SB1560 and HB3718 are two bills I am particularly excited about. The former addresses a number of issues within the state Department of Juvenile Justice and the latter restores judicial discretion to the process in which juveniles are charged with crimes. Together, they constitute the most significant criminal justice reform passed in Springfield this year. When implemented, they will help to right-size our juvenile corrections system and provide for better outcomes for youth charged with and convicted of crimes.
I am particularly proud of passing SB1265 through the House. This bill brings Illinois into compliance with federal laws governing special elections to Congress. It will help to ensure members of the armed forces serving overseas are given adequate time to participate in special elections.

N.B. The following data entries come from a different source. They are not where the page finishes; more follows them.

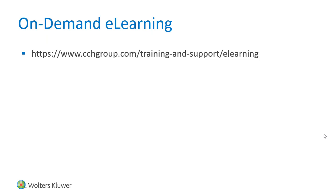Is your firm looking for on-demand e-learning? Check out our available courses online today.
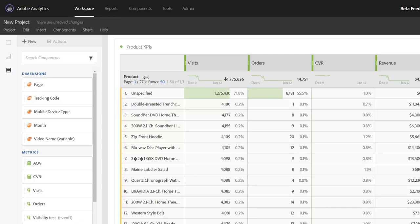Hi, this is Jen Lasser with Adobe Analytics Product Management. In this video, I'm going to talk about how you can apply filters to your freeform table rows.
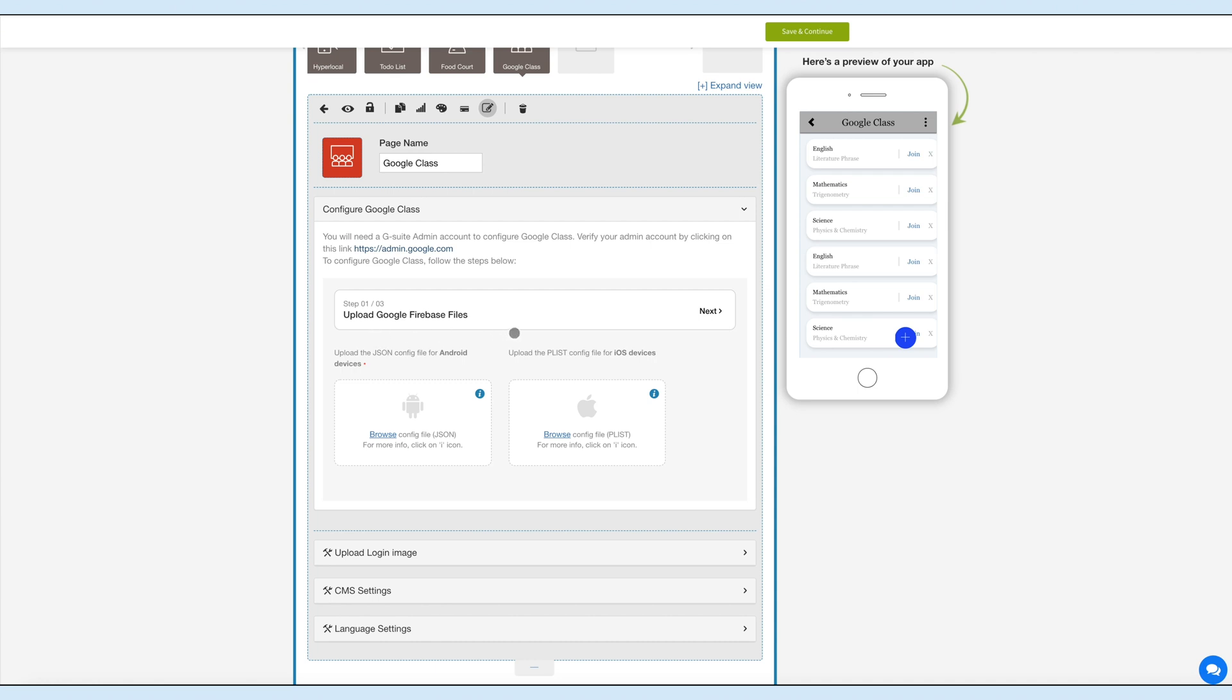Let's move to the first step. For the first step, you will need to upload G Suite Google Firebase files of your G Suite account. Upload JSON file for your Android app and PLIST file for your iOS app.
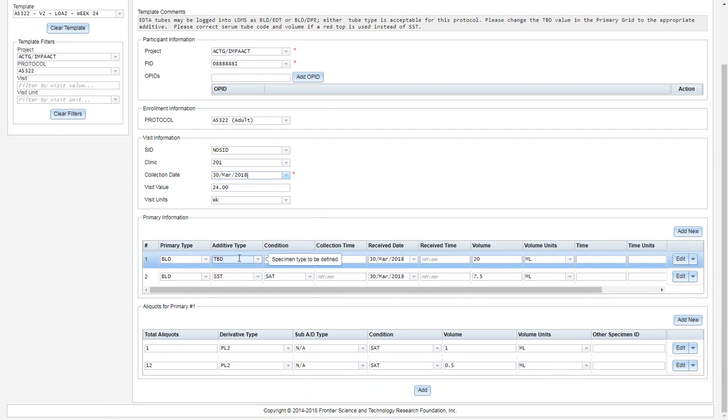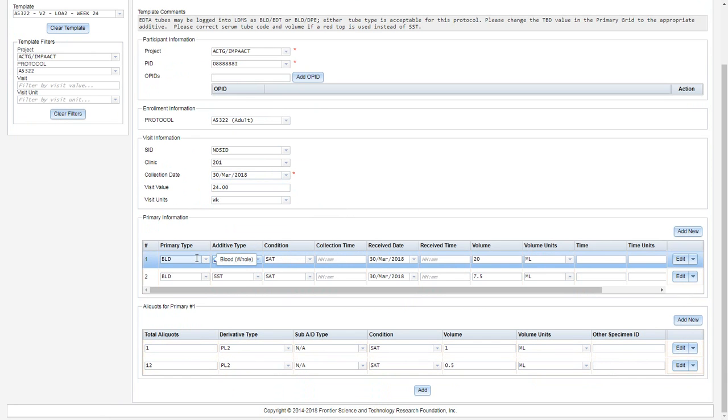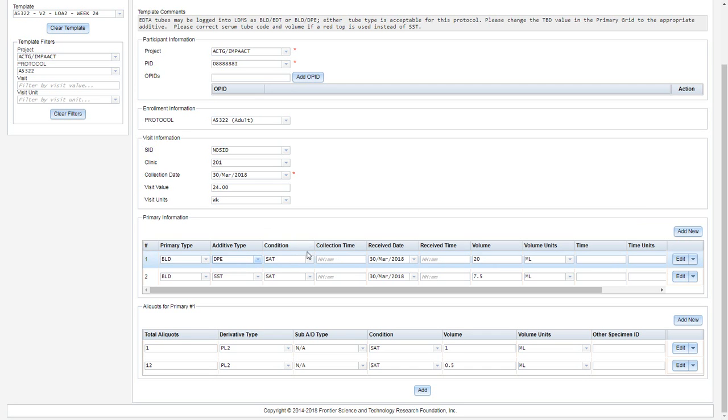In primary number one, we see additive TBD, and this means that the specimen type is to be defined. If we review our comments above, we can see what additives are acceptable for this specimen. I must enter my collection time. This is a 24 hour clock, and you must enter the colon.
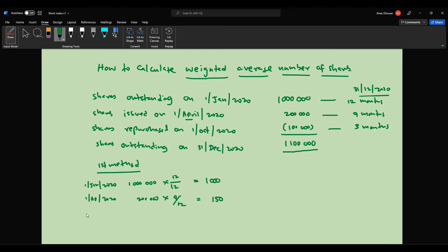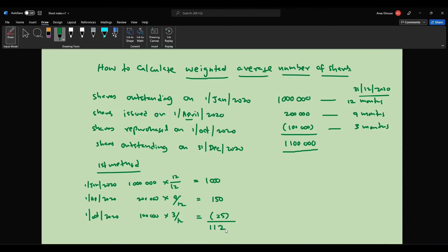For the October repurchase: 100,000 divided by 12 times 3 equals 25,000, which is subtracted. So 1,000,000 plus 150,000 minus 25,000 equals 1,125,000. This will be the weighted average number of shares.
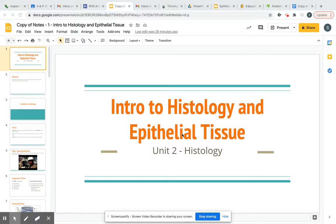What's up everybody? This is Mr. Chang. Welcome to Unit 2 of Anatomy and Physiology — Histology: Intro to Histology and Epithelial Tissues.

SB1672 is a bill that established an independent process for the issuance of air quality permits in Illinois. Under current law, the state operates under federal guidelines. Developing our own system will allow for more expeditious delivery of permits. I was happy to help craft a compromise between the environmental and business communities to pass this bill.
Energy policy was the subject of a great many meetings and hearings throughout the session. Three different proposals have been introduced to set a course for our state’s energy future. None of the bills ultimately came for a vote in the House, but all have had significant evaluation. In the coming months, I expect negotiations to continue and ultimately result in a compromise bill incorporating elements of all three proposals.
Thank you for reading and giving me the opportunity to serve you in Springfield. This will be an active summer for the legislature. Please continue to share your thoughts and input with me. It is an honor to represent you.